At the Vancouver International Airport (YVR), that first impression seems to be taken seriously. Since 1989, thousands of volunteers have been recruited to provide passengers and guests with directions and information on facilities, retail and airport services.
They are nearly 400 today, including five who started in the first year of the programme. The volunteers’ green outfits make their nickname obvious: the Green Coats. With a consistent smile on their face, they are ready to answer any question.
“Age doesn’t matter,” says the Supervisor of Volunteer Programs for the Vancouver Airport Authority, Drew Pankrath. However, it is evident that those with lots of life experience and an openness to diversity are the most valuable.
Once a week Benno Ganz, a 78-year-old immigrant from Germany, volunteers for the Green Coats. For him, the activity is fun and gives him the valuable opportunity to be among a diverse set of people.
“It also gives me the feeling of being useful,” he says. “Last week I helped about 80 people in four hours.”
Helping travellers from all corners of the globe is something that Ben, as he likes to be called, has been doing for a long time. On top of being of a Green Coat he and his Canadian-born wife have always housed travellers in their home in Oakridge.
“We like to have young people around us, and it brings some enthusiasm to our lives,” he says.
The former teacher with a master’s degree in Adult Education from the University of British Columbia (UBC) estimates that more than a dozen people have lived in his house since his three kids were old enough to leave home.
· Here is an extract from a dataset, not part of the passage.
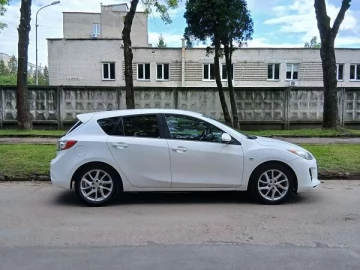 Авто Mazda 3 2012 № 7696424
From artists to students, the guests have come to Vancouver for different reasons and have usually stayed for several months.
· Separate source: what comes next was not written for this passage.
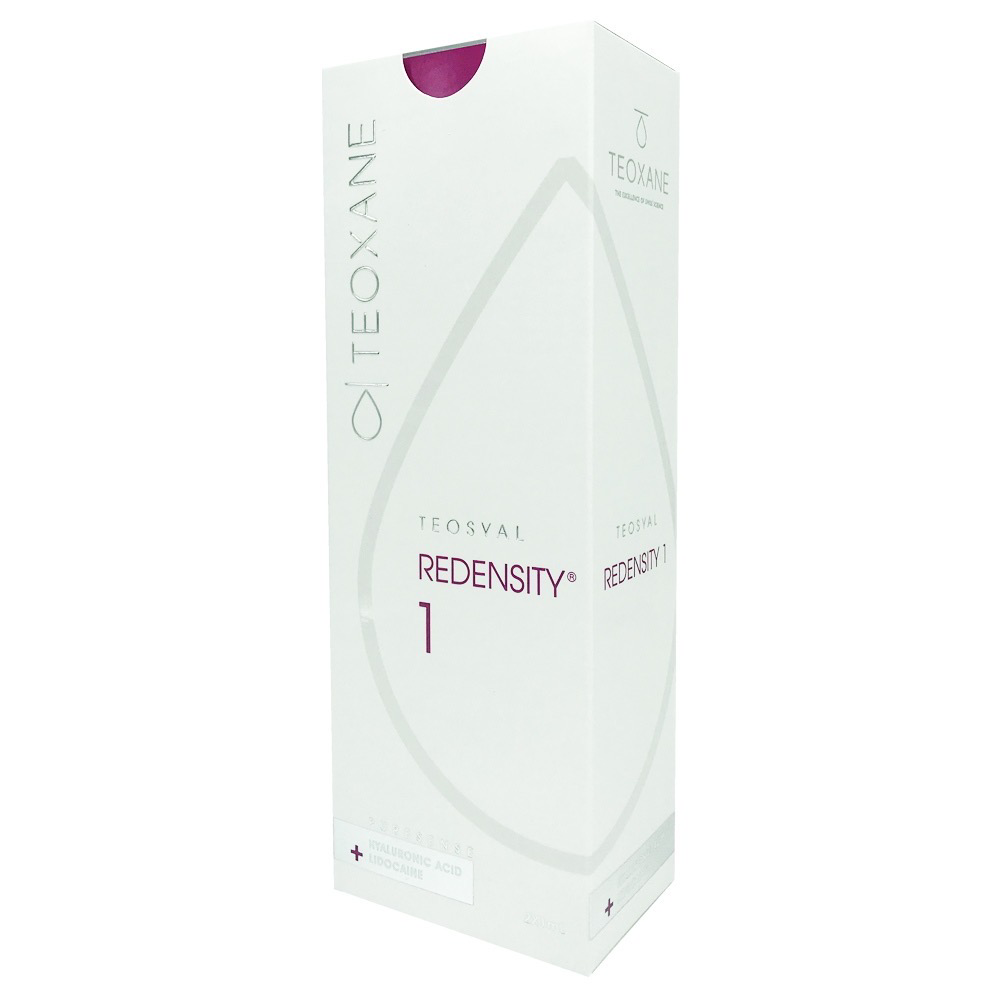 Teosyal Puresense Redensity 1 (2 x 1ml)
“We introduce these people to the Canadian culture,” Ben explains in heavily German-accented, yet perfect, English. “I show them around, introduce them to my friends, and even help with their homework.”
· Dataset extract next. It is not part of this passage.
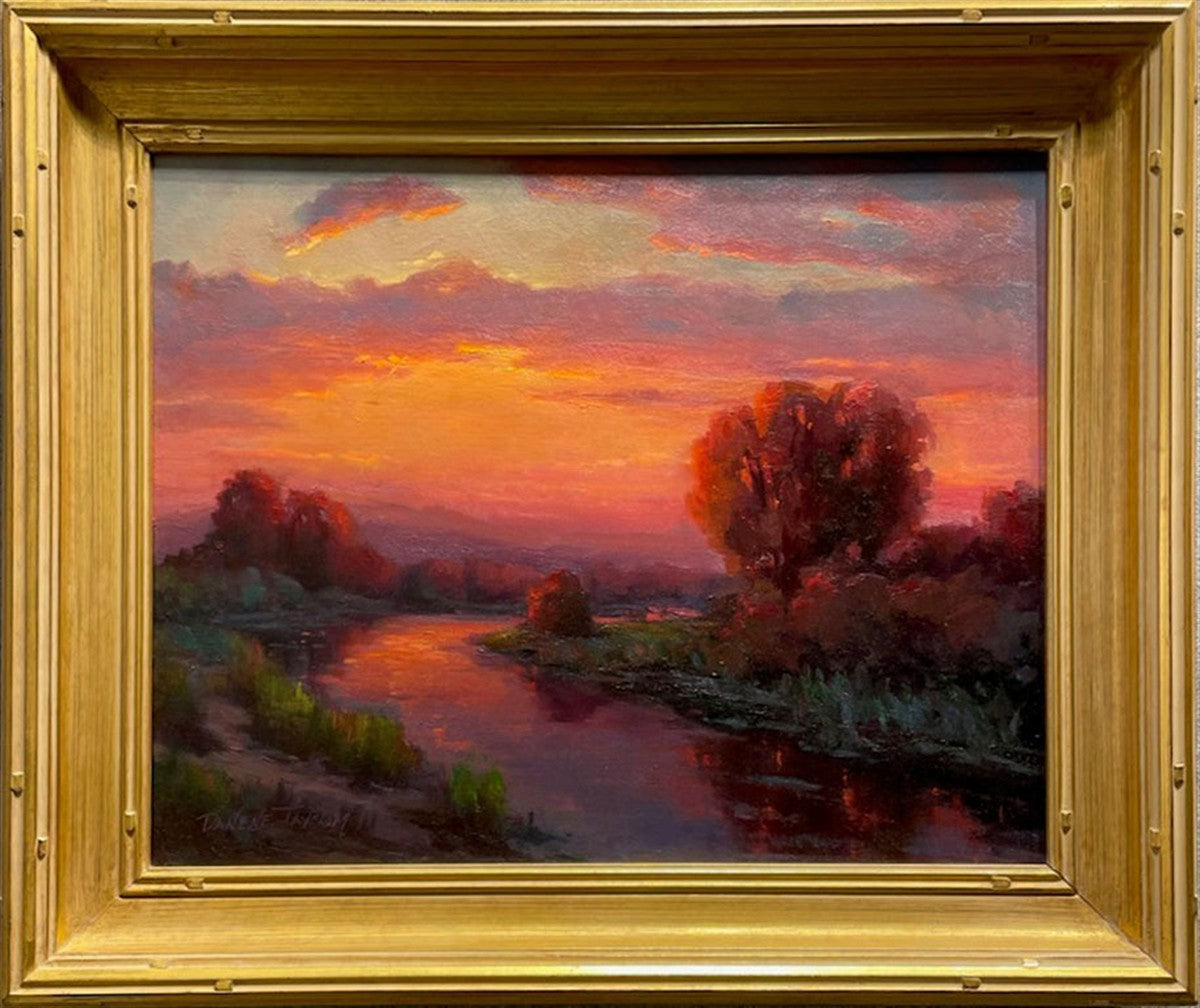 Song Before Night Original Artwork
Ben and his wife have also established close ties with the Tanzanian and Kenyan communities. In the 1980s, after more than eight years of living and teaching in those African countries, Ben taught Swahili at Langara College. The couple also organized events in local schools in order to raise money for mosquito nets and the digging of wells in East Africa.
They also provided financial support to the son of a fellow teacher from Tanzania until he could obtain his master’s degree.
Ben’s interest in other cultures, and his contribution to multiculturalism in the local community, reflect his own journey as an immigrant in the early 1950s. He was born in Rienburg in 1934 and spent his entire childhood under the Nazi regime. In 1950, he arrived on the West Coast, where a world of freedom and big spaces awaited him and his family.
“As youngsters, we enjoyed the freedom a lot,” Ben recalls.
His first job was to plant trees in the Fraser Valley. In 1957 he got married and became a Canadian citizen. One year later, the newly-weds moved to Vancouver.
Ben acknowledges that multiculturalism has expanded throughout the city, and that hearing people speak their own native languages has become commonplace.
Even though he is proud of being able to speak German he thinks that being unilingual is an obstacle for the full integration of different ethnic groups into Canadian society.
He thinks it’s important to learn the language. In his volunteer work and at home, he aims to help do just that, and is proud of his own progress.
“We were told to learn English back then,” says Ben in perfect German. “Now, I feel totally integrated here”
“I still visit Germany very often, but after 62 years in this country, I consider myself totally Canadian.”